Please let me know if the below statement is valid or not ;
Suppose that $X$ is an $n\times p$ data matrix with $p$ features and $n$ data samples. Suppose further that each feature(column) is zero centered so that the average of each column is zero. Then, the covariance matrix for $X$ is $\frac1nX^TX$.
It's such a simple and easy-looking question, but I had difficulty in finding the reference of the very problem. My proof including the relevant definitions are follows.

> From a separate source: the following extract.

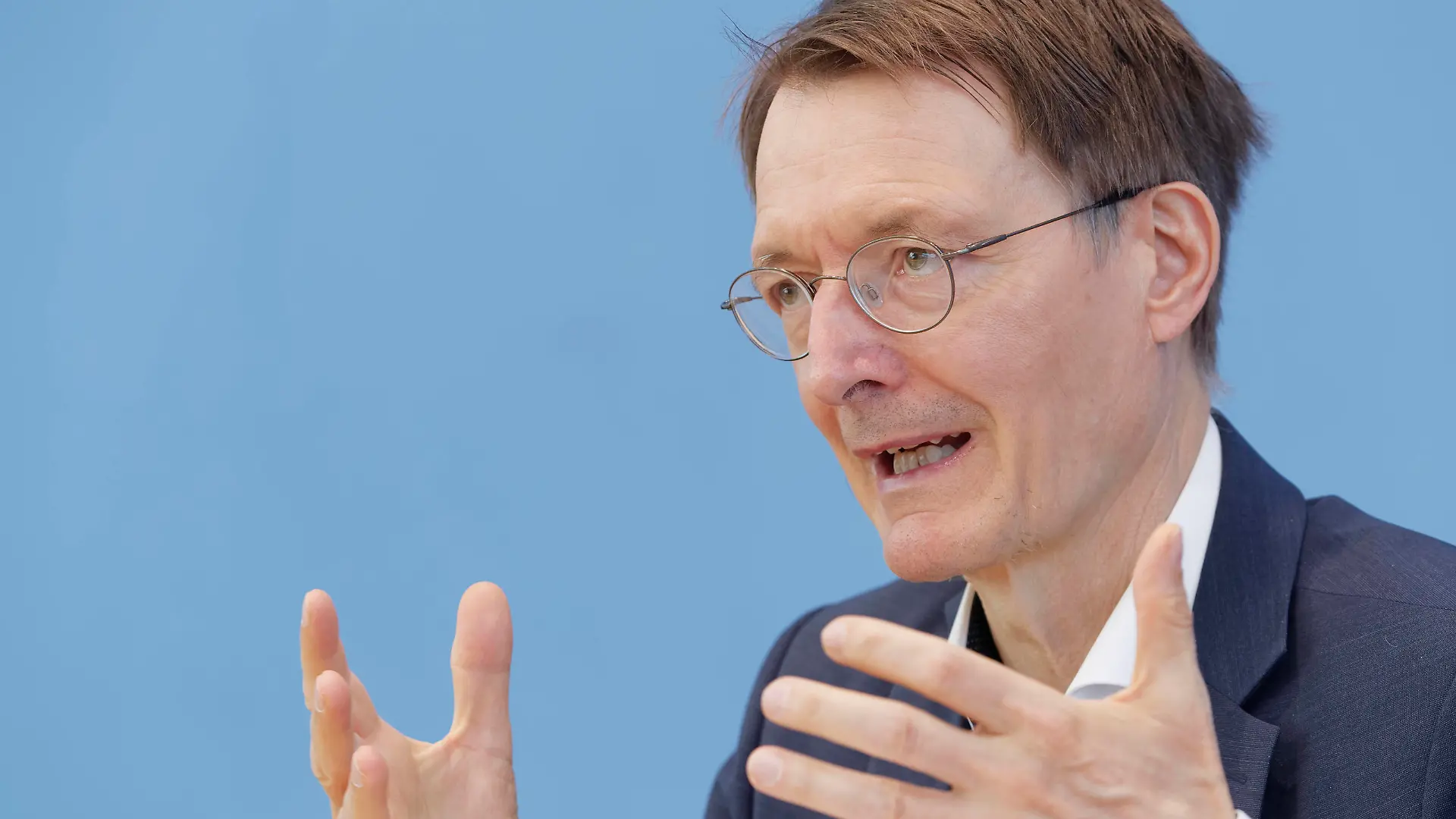 Lauterbach zur Coronal-Lage im Sommer 2022-06-17, Deutschland, Berlin. Bundespressekonferenz zur Corona-Lage im Sommer. Im Bild Karl Lauterbach SPD, Bundesgesundheitsminister. *** Lauterbach to the Coronal situation in the summer 2022 06 17, Germany, Berlin Federal press conference to the Corona situation in the summer In the picture Karl Lauterbach SPD , Federal Minister of Health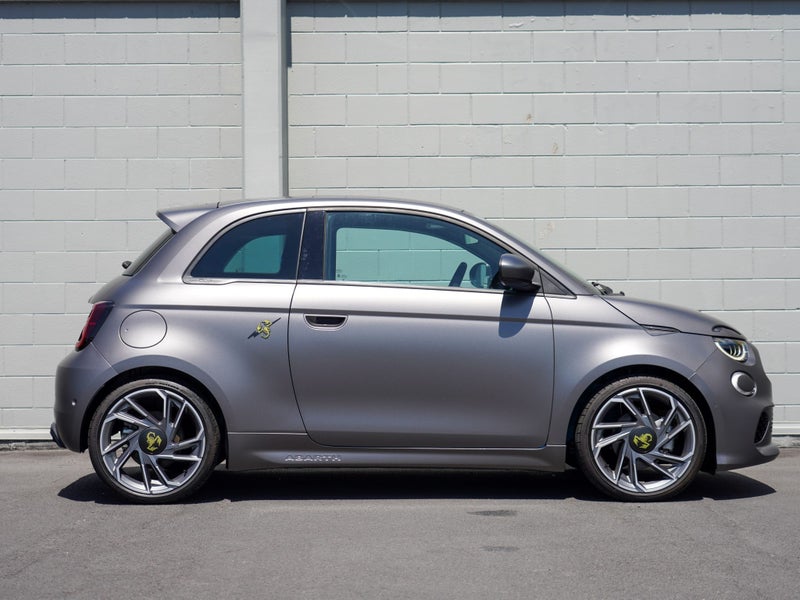 2026 Fiat 500e Abarth 3Dr A Hatch image 2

Let $$ X= \begin{bmatrix} x_{11} &\cdots&x_{1p}\\ \vdots &\ddots&\vdots\\ x_{n1} &\cdots&x_{np}\\ \end{bmatrix} $$
Let the random variable $X_j$ follow the uniform distribution among the entries of the $j$th column for $j=1,2,\cdots,p$. Then, $\mathbb E[X_j]=\frac1n\sum_{i=1}^nx_{ij}=0$ and the covariance $s_{jk}$ of $X_j$ and $X_k$ is \begin{align*} s_{jk} &=\mathbb E[(X_j-0)(X_k-0)]\\ &=\mathbb E[X_jX_k]\\ &=\frac1n\sum_{i=1}^nx_{ij}x_{ik}. \end{align*}
Now, denote the covariance matrix of $X$ by $S=[s_{jk}]_{p\times p}$. Then
\begin{align*} S &=[s_{jk}]_{p\times p}\\ &=\left[\frac1n\sum_{i=1}^nx_{ij}x_{ik}\right]_{p\times p}\\ &=\frac1n \begin{bmatrix} \sum_{i=1}^nx_{i1}x_{i1}&\cdots &\sum_{i=1}^nx_{i1}x_{ip}\\ \vdots &\ddots &\vdots\\ \sum_{i=1}^nx_{ip}x_{i1}&\cdots &\sum_{i=1}^nx_{ip}x_{ip}\\ \end{bmatrix}\\ &=\frac1nX^TX \end{align*}